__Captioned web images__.
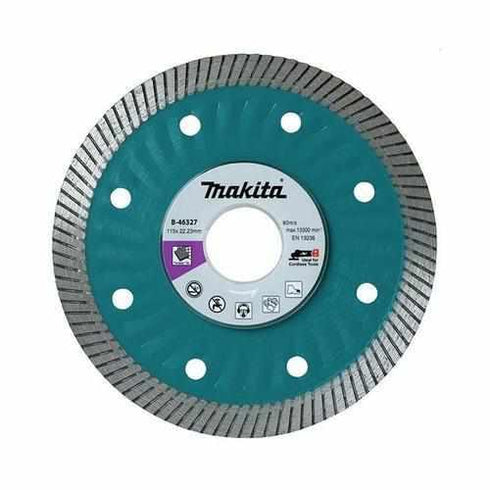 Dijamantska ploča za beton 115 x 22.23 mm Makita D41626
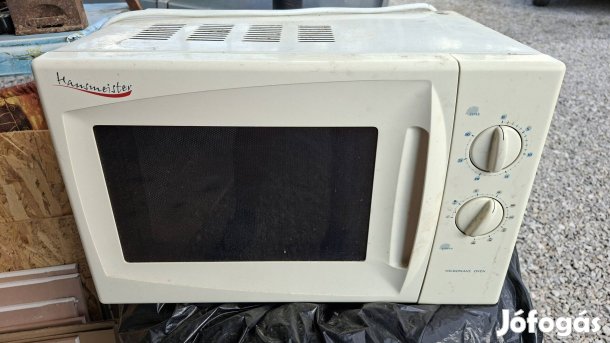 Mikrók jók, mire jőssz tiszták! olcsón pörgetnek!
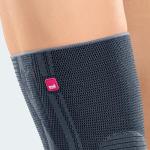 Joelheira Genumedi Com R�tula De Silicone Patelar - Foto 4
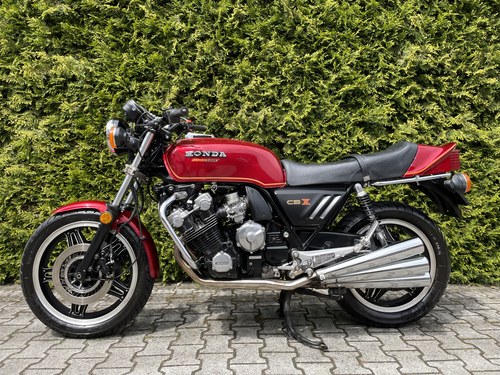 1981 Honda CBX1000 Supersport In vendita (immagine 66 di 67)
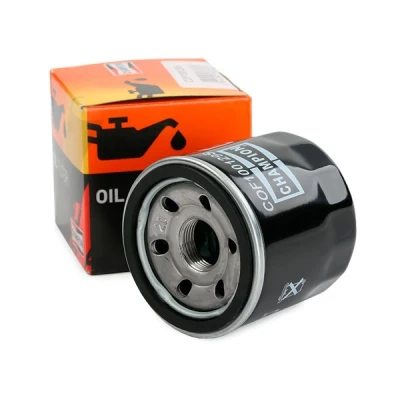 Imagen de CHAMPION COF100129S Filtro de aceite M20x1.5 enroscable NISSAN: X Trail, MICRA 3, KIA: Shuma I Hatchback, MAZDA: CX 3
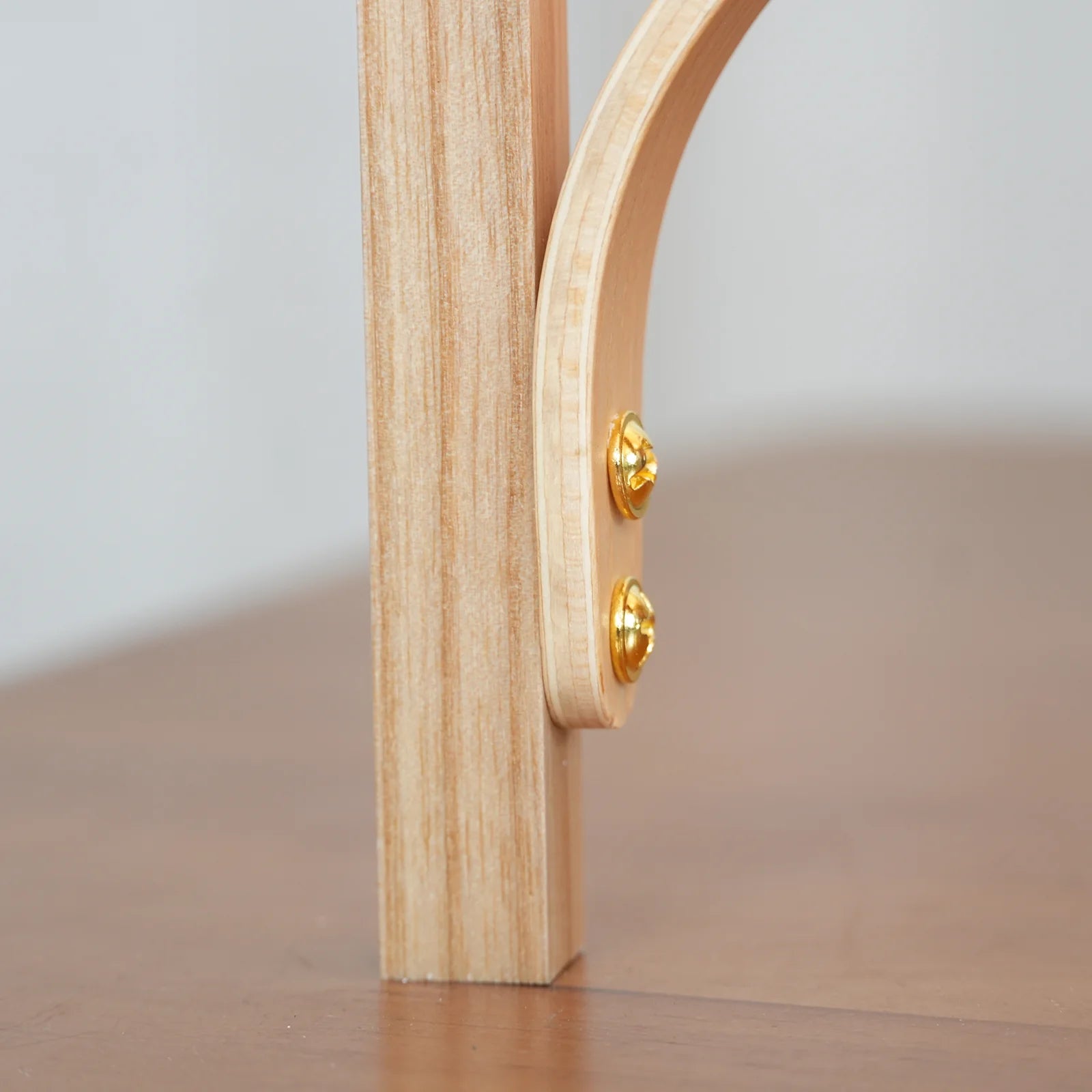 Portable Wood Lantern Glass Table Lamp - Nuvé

__EXERCISE DETAILS__.
Your answer must be an exact repeat of the records above, with no pictures in it.

__RESPONSE FOR THIS EXERCISE__.
 Dijamantska ploča za beton 115 x 22.23 mm Makita D41626
 Mikrók jók, mire jőssz tiszták! olcsón pörgetnek!
 Joelheira Genumedi Com R�tula De Silicone Patelar - Foto 4
 1981 Honda CBX1000 Supersport In vendita (immagine 66 di 67)
 Imagen de CHAMPION COF100129S Filtro de aceite M20x1.5 enroscable NISSAN: X Trail, MICRA 3, KIA: Shuma I Hatchback, MAZDA: CX 3
 Portable Wood Lantern Glass Table Lamp - Nuvé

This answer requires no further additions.